COLLECTED MATERIAL:
____________

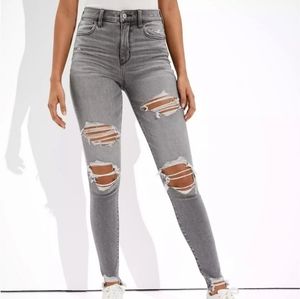 Grey Distressed NE(X)T Level Stretch American Eagle Jeggings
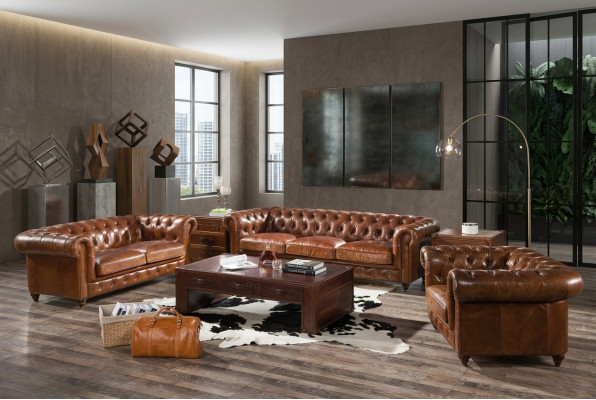 Design Club Lounge 4-Sitzer Sofa Ledersofa Dreisitzer Vintage Ledersofa Chesterfield
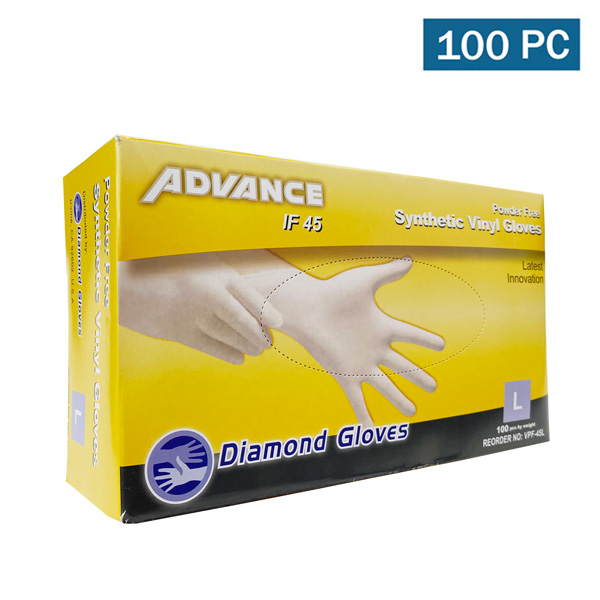 Diamond Advance Cream Synthetic Vinyl Gloves IF45- Medium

____________

ASSIGNMENT:
Reproduce the material word for word. Skip every picture it holds.

ANSWER SECTION:
 Grey Distressed NE(X)T Level Stretch American Eagle Jeggings
 Design Club Lounge 4-Sitzer Sofa Ledersofa Dreisitzer Vintage Ledersofa Chesterfield
 Diamond Advance Cream Synthetic Vinyl Gloves IF45- Medium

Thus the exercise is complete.